The intricacies of evolutionary linguistics are myriad and underexplored, but research involving artificial intelligence (AI) might unlock the door to new theories about how dialects develop among users. In a paper (“Emergent Linguistic Phenomena in Multi-Agent Communication Games“) on the preprint server Arxiv.org, scientists at Facebook AI, Google AI, and New York University describe a framework in which agents trained with deep reinforcement learning — a technique that uses a system of rewards to drive them toward certain goals — while “playing” a series of games demonstrated some of the “linguistic phenomena” observed in natural language.
This work isn’t the first to investigate language with machine learning algorithms — a paper published by Facebook researchers in June 2017 detailed how two agents learned to “negotiate” with each other in chat messages. But they claim it’s the first to use “latest-generation deep neural agents” capable of dealing with “rich perceptual input,” and they say it convincingly demonstrates that language can evolve from simple exchanges.
The team began by deploying groups — communities — of agents equipped with the ability to communicate in a simulated environment, with complexities ranging from simple (a set of equations) to relatively complicated (a deep neural network). The “games” the agents were tasked with playing had several key properties: They were symmetric, enabling the agents to act as both “speakers” and “listeners”; they allowed the agents to communicate about something “external” to themselves, such as the sensory experience of something in their environment; and they took place in a world the agents could at least partially observe.

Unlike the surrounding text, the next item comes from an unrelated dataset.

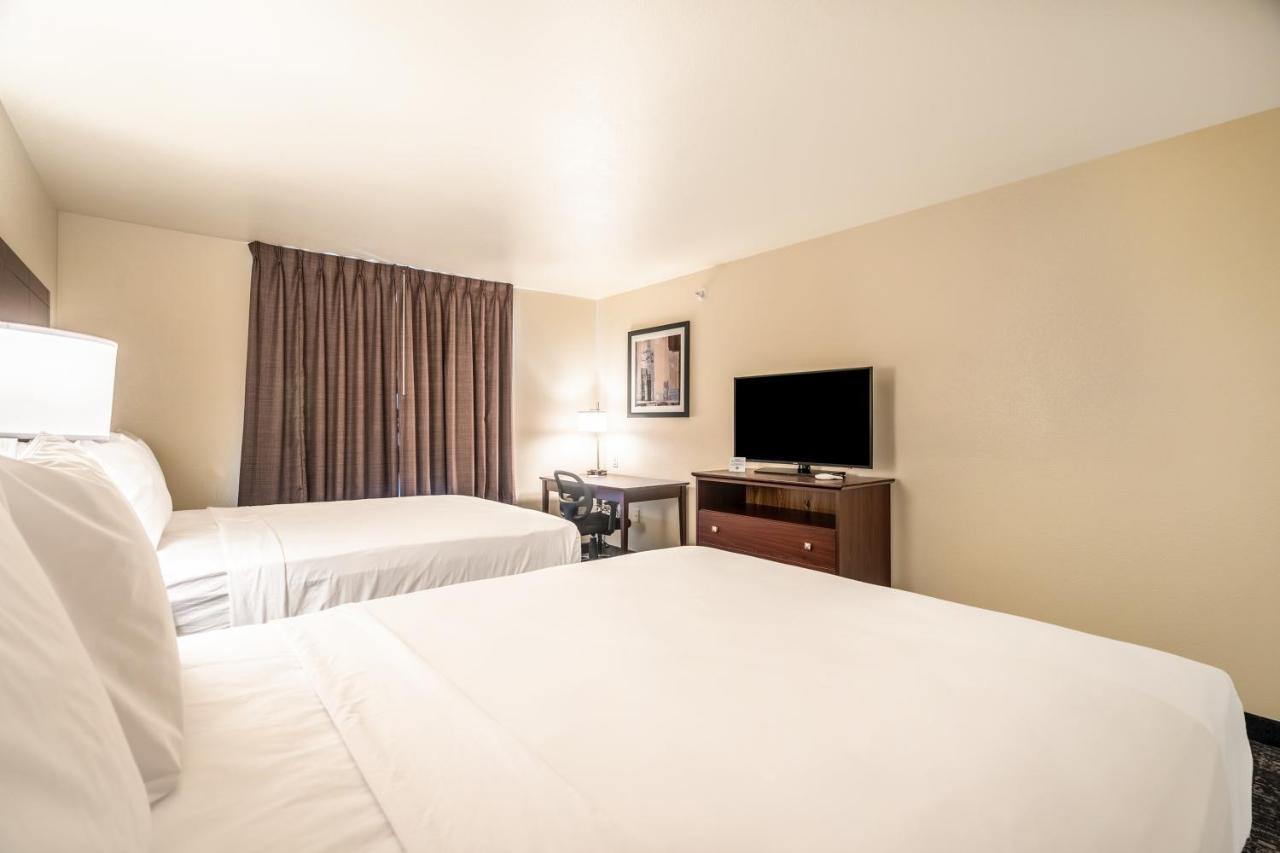 Cobblestone Inn & Suites - Kermit Eksteriør billede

In the first of several experiments, in which between three and 10 autonomous agents “played” with each other, the success rates between self-play — an agents’ ability to complete a game alone — and cross-play — agents’ success in solving a game as a team — were “indistinguishable” after 150-200,000 plays, regardless of the size of the community. The researchers claim that this implies a common, shared language emerges only if there are more than two users of that language.
In a subsequent test, two different linguistic agent communities — communities that had developed separate communication tools — were exposed to each other. The researchers report that all agents learned to “speak” with the agents from the other community and that, moreover, certain agents — “bridge” agents — managed to get a handle on the new shared protocol “faster” and “better.”
Even agents that had never interacted with each other before successfully completed games 65.6 percent of the time after 200,000 plays, but only when intergroup connectivity — i.e., communication among agents within their respective communities — was high. When intergroup interaction occurred only half as frequently as intragroup interaction (interaction between agents of different communities), the success rate dropped to 52.4 percent.
“All that is needed in order for a common language to emerge is a minimum number of agents,” the paper’s authors wrote. “This finding demonstrates the rapid shift toward a common protocol in both groups where all agents learn to speak a shared language, regardless of whether they actually interact with agents from the other group, [and] implies that there is a critical level of intergroup connectivity.”
Those weren’t the only discoveries of note. Across all scenarios, the agents preferred to integrate or assimilate, rather than segregate, when it came to language, the researchers say, and language complexity — the range with which the agents expressed their states — tended to plateau earlier when there was a larger imbalance between two communities’ population.
“This implies that the new-born contact languages arising from the contact of two similarly sized communities tend to be substantially simpler,” they noted.
In a final experiment, a chain of communities of equal population (five agents) communicated with each other in sequence, almost like a game of telephone. The researchers found that while agents from a pair of adjacent communities could communicate with each other almost as well as those within a single community, communicability degraded as the distance between pairs of communities grew; the agents from the first community in the chain and last community couldn’t understand each other at all.
These findings taken together suggest that language doesn’t depend on evolved, complex linguistic capabilities, the authors claim, but can arise from “simple social exchanges” between “perceptually enabled agents” playing communication games.
“We observed that a symmetric communication protocol emerges without any innate, explicit mechanism built in an agent, when there were three or more of them in a linguistic community,” they wrote.